Stay tuned. Some day, I may even come up with a title and be able to discuss something other than “The WIP.” You just stay tuned; it’s going to get right down exciting around here.

4 comments:

Colin Smith said...

Having an inclination toward history myself, I've often wondered how cool it would be if more people of ages past had kept diaries. When I first became interested in history, the day-to-day lives of people didn't thrill me nearly as much as kings, queens, battles, and such. One of my favorite books (that I still have) was THE LIVES AND TIMES OF THE KINGS AND QUEENS OF ENGLAND, edited by Antonia Fraser. I couldn't get enough of the "Lives" but could do without the "Times." These days, though, I've come to appreciate the "Times" a lot more. What was it like to live in England during the Norman conquest? During the Civil Wars? When one medieval king's throne gave way to a successor? How in touch would I have been with the goings on in court--how much would I have cared? And, knowing what I know about myself, my abilities, and my interests, what would I have done? Court musician? Or working on a farm dreaming of playing music or writing stories for money?

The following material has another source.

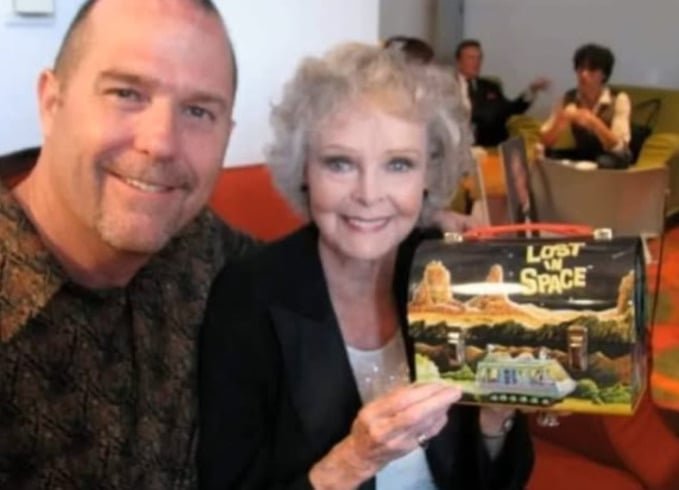 June Lockhart - 99 anos - A atriz estreou profissionalmente com oito anos no Metropolitan Opera, de Nova York. Além disso, seus principais trabalhos foram nas séries televisivas "Lassie" e "Perdidos no Espaço", na qual interpretou Maureen Robinson.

This makes me consider the legacy I leave behind. How much will my children, and history, know about me and the times in which I live from the writing and possessions I bequeath to posterity? Should I keep those old school books so my kids and grandkids and great-grandkids know something of me, my life, and times? Especially since I'm a first-generation immigrant to the US.

That sheds a whole new light on being a pack-rat! :)

DLM said...

Hee - it'd shed new light if my journals consisted of anything more than what boy I liked and who offended me how. I was pretty eager to get offended a LOT when I was younger. So ... Pepys it ain't! (The movie my life was when I believed life was a movie playing all in my own head - was not a good one.)

But we'll always have Samuel. And of course Fraser.

Anonymous said...

Wow! I thought I was the only one who has kept a journal for more than 30 years. I, too, wonder what my kids will think of my scribblings when they finally sit down to read all of the pages (thousands). I wonder if I would even recognize myself in some of the early stuff.

DLM said...

Hello, Paul! Thank you for coming by and commenting.

"Journal" is probably too dignified a term, and indeed my tenure self-absorbedly writing actually dates back almost 40 years now that I remember my mom gave me a diary first when I was ten. Lord only knows what might be in THAT little tome, but I have good hope it long since became compost somewhere. :)

As for the diaries - that's one reason I'm glad not to have had kids. Good lord, bad enough contemplating the idea of my nieces finding those things!

*More determined now that one glance-over and a a good bonfire are the way to go*

Maybe a barbeque? I could celebrate getting agented with a nice, literature-smoked shish kebab or something.